# Tire pressure



## boneheaddoctor (Dec 10, 2014)

Could be a nail...which is your problem..(I doubt road hazards are covered), if its a porous aftermarket rim...its your problem, if its a bead leaking on aftermarket rims its your problem. Unless someone has a better idea, it might be cheaper and quicker to have a tire shop check it out.


----------



## cruzinred92 (Dec 4, 2013)

+1. Tire shop should charge about $20 for a flat repair in which they should dunk the wheel and find the leak.


----------



## neile300c (Jul 8, 2014)

Walmart is $10 for flat repair, if it is not in the shoulder or sidewall of tire. Mine was in the shoulder, so I have a new FR710 on the front, I got the road hazard warranty for when it happens again.


----------



## James1549 (Sep 14, 2015)

Take the wheel off the car. Since it is a slow leak, air up to 40-50 psi or so.Using some diluted soap detergent in a spray bottle, spray on one bead at a time when the tire is laying flat. Spray around the valve stem. Remove cap to be sure core is not leaking. From there, spray the tread a section at a time. If it is leaking, you will see it.

James


----------



## BucaMan (Mar 22, 2011)

Since your chrome wheels are new, this is not likely your problem. But on my Silverado, after a few years of having chrome rims, the chrome finish was flaking/deteriorating in some spots. This was true even in the tire valve area. I was steadily loosing pressure in 3 of my 4 tires. The tire valves had to be removed, and the wheel "tire valve passages" cleaned of flaking chrome, then reinserted. Problem solved.


----------



## NickD (Dec 10, 2011)

Can't beat dipping the tire in water to see bubbles leaking out. Ha, about the only thing most people have a home for this is their bathtub. But takes time because will have air stuck to the side of the tire, have to wait until those bubbles slow down.
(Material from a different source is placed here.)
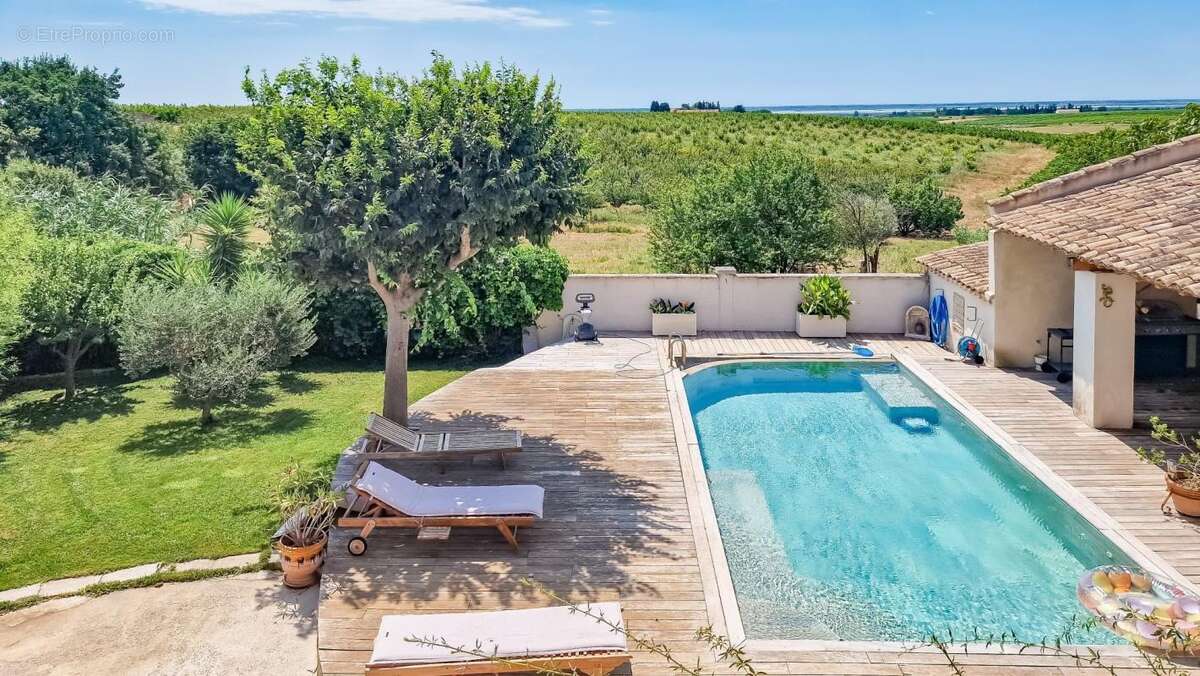 Mas d’exception au cœur des vignes — gallician, proche de vauvert - photo 5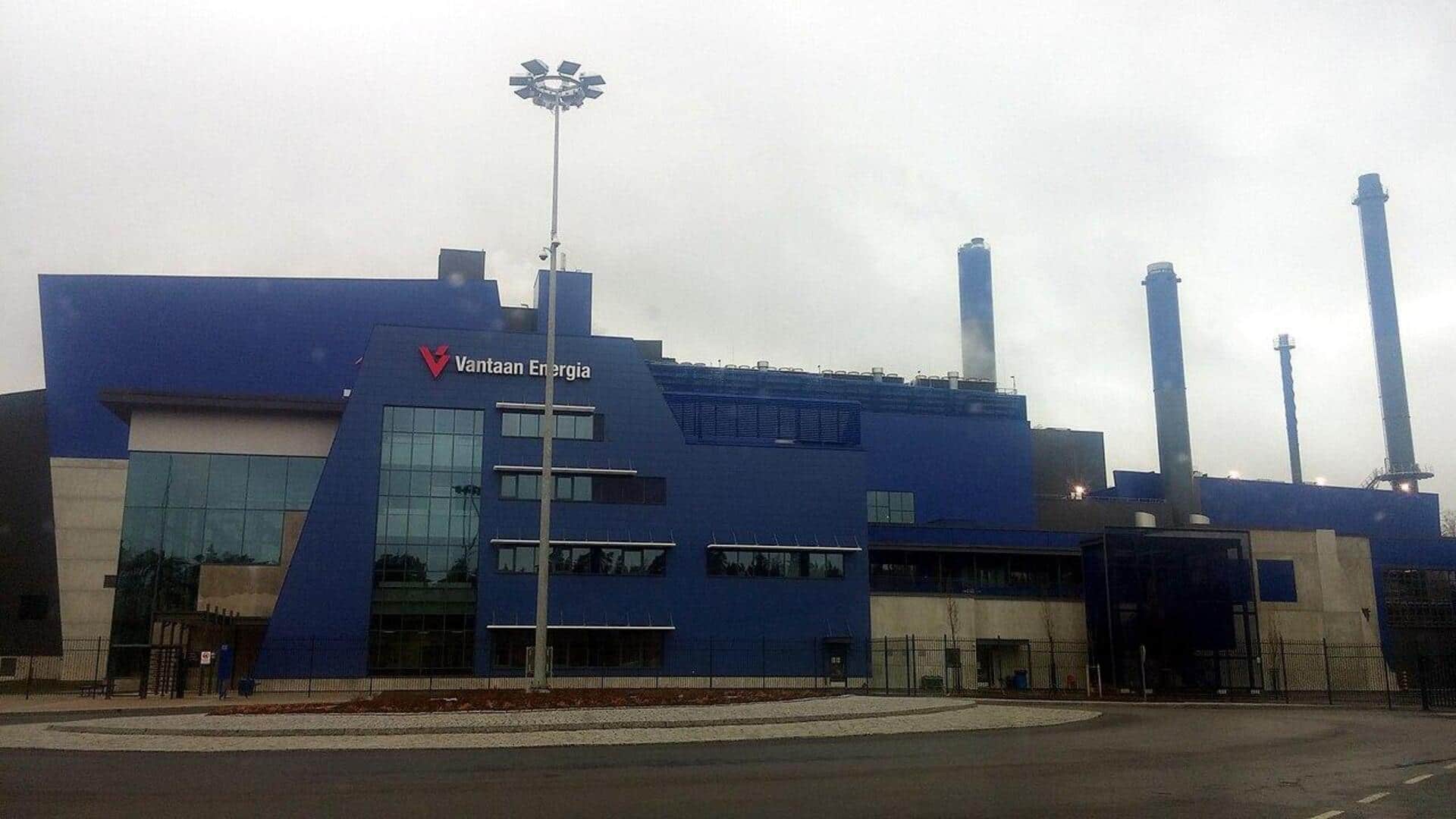 Solusi Inovatif Finlandia Mengubah Limbah Jadi Energi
Been planted here way before tubeless tires came into existence, to me, another way to save a couple of bucks, have about ten feet of tire rim space to develop leaks that was never a problem with inner tubes. Both the rims and tire has to be cleaned, and a sealer used.

Back then could break the bead with my foot, both sides, beads have to be pushed in, and just a small pry bar, could get the tire off. Still doing this on my bicycles, but no tools are used on these. 

This problem really had been exacerbated by the extensive use of road salt, the government solution to this problem is to make TPMS mandatory on all vehicles. Kind of stupid, when you can tell by the handling you have a low tire. And an extremely expensive way to replace a cheap tire gauge. Just a tad more of convenience, but still can't find air anywhere with these convenience store selling beer by the tons gas stations. 

Yet another problem with tires that share the same problem with simple oil changes, they don't use the brightest people in the world to do these tasks. Daughter-in-law recently went to her Walmart store to have a leak repaired. Put some minimum wage guy to do the job and ended up wrecking the tire. But her father-in-law straightened that out for her.

Another problem with mandatory ABS, all tires have to have equal wear, difference in rotation speed due to one new tire will generate a code. To do it right, and if you have to follow rotation rules imposed by tire manufacturers, have to replace all four.


----------